The coffin itself depicts Insular iconography, taking inspiration from different styles that were then popular in the Irish Sea Region. One face of the sarcophagus shows a hunting scene of a horseman chasing a stag, perhaps accompanied by a dog, a motif frequently used in Pictish art that is thought to convey an association with royalty and power. The sarcophagus also shows an animal trampling another two creatures: a snake and what may be a wolf; the angular decoration of the triumphant animal has led many scholars to suggest that this is a ‘Lamb of God’ motif. Two panels depicting beasts in various configurations are found on the other long face of the sarcophagus: in one, four ‘beasts’ are pseudo-mirrored across the vertical and horizontal axes of the panel, though there are differences in each beast's design. In the second panel, two long-necked animals cross necks and interlace their tongue/ears with the other beast's tail; similar motifs, where beasts cross legs, necks, or other body parts, can also be found in Pictish sculpture. The rest of the space on the sarcophagus is filled with panels of median-incised interlace, some of which represent snakes, which a relatively common motif in Insular sculpture, thought to be a symbol of death and resurrection.

Crosses and upright cross-slabs
Two cross-shafts and two upright cross-slabs are on display in the Govan Old museum. The two cross-shafts include the iconic Jordanhill Cross, also known as the Govan Cross, and the ‘Inverted (or Upside Down) Cross’. These would have been decorated on all four faces and, when whole, would have been part of a free-standing cross, probably in a form similar to the more intact Barochan Cross, now housed at Paisley Museum.
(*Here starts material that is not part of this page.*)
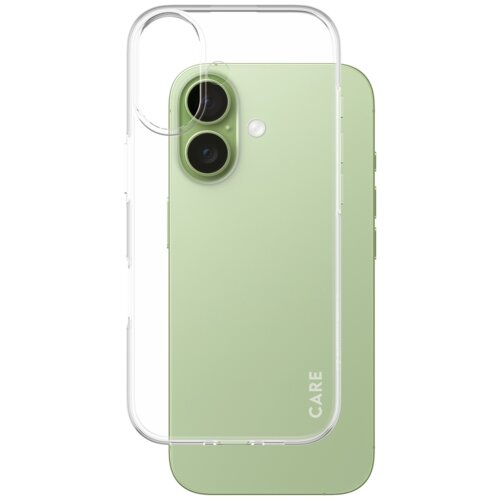Etui PANZERGLASS Care Fashionable X-Ray Basic do Apple iPhone 17 Przezroczysty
The Jordanhill cross is so named because it was gifted to the residents of Jordanhill House at some point when one of the churches was being replaced, though there are conflicting accounts as to when this took place. It was brought back to Govan Old in 1928. The cross is decorated with different variants of median-incised interlace, though its most notable feature is an eroded man on horseback that has lost much of its detail apart from the eyes of both horse and man.

The ‘Inverted’ or ‘Upside Down’ cross is so named because it is currently displayed upside down next to the hogback stones in the (ecclesiastical) north transept. Though most of the details on the broad faces of the cross have been damaged or eroded, the two smaller faces are comparatively well-preserved. These are mostly decorated with median-incised interlace, though this also retains the only figural sculpture that can be interpreted as a biblical scene – possibly David being anointed by Samuel.

The two upright cross-slabs include the 'Sun Stone' and the 'Cuddy Stane'. The 'Sun Stone' is heavily eroded, but it is decorated with a large boss from which emerge four snakes, arranged in such a way that it appears sun-like, above an angular interlace panel. On the other broad face it is decorated with a cross, median-incised interlace, and a rider on one face. Though there is a tenon on top of the stone slab, some scholars have argued this was to small to have supported a (stone) cross-head and could indicate that the Sun Stone played an architectural function.

The 'Cuddy Stane' takes its name from its rider's steed, which appears more like a donkey than a horse. The stone has been damaged since it was illustrated in 1856, which records the rider's upper half, with probable sword and pony tail, and the tenon joint for the presumed cross-head. While the stone appears plain today, this is because it has been severely eroded and was also reused as an Early Modern grave cover with carved initials; hints of a panel of interlace are preserved under the horseman.

Hogbacks
Hogbacks are recumbent stone monuments found across Scotland and Northern England that date to the 10th or 11th centuries AD; the term 'hogback' was established prior to 1885 to describe the characteristic curved ridge of the monument. Hogbacks are often decorated with rows of tegulation on the broad faces and each end often sports stylised or naturalistic beasts, though there is substantial variation on these traits from monument to monument. The tegulation has led many to argue that hogbacks are meant to emulate a house-shape, specifically Scandinavian long houses.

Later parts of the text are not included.